◆ **THE INPUT**
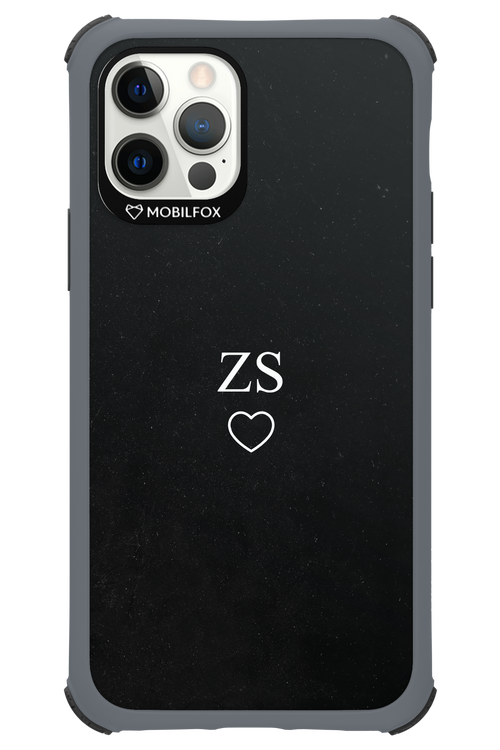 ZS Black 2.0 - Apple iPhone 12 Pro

* * *

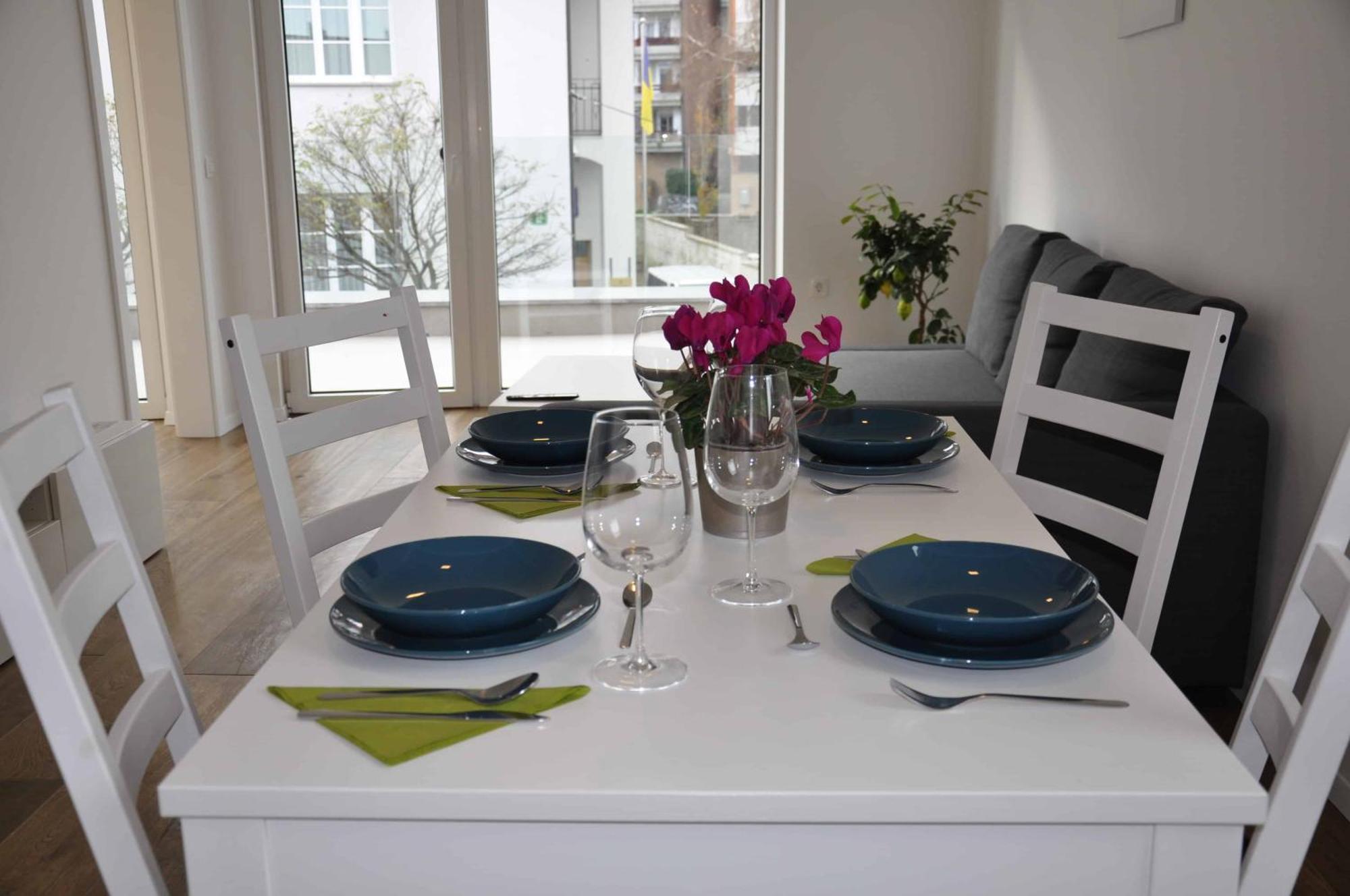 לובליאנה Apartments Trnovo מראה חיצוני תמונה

==

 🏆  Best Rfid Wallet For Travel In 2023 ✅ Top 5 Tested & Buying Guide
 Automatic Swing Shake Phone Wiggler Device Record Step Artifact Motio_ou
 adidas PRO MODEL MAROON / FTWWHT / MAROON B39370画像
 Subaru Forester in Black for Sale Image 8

◆ **WHAT IS REQUIRED**
Where the listing above has a line with "Automatic Swing Shake", start there, and output every line exactly through the line with "Subaru Forester in Black for Sale Image 8", which is also included.

◆ **FINISHED EXERCISE**
 Automatic Swing Shake Phone Wiggler Device Record Step Artifact Motio_ou
 adidas PRO MODEL MAROON / FTWWHT / MAROON B39370画像
 Subaru Forester in Black for Sale Image 8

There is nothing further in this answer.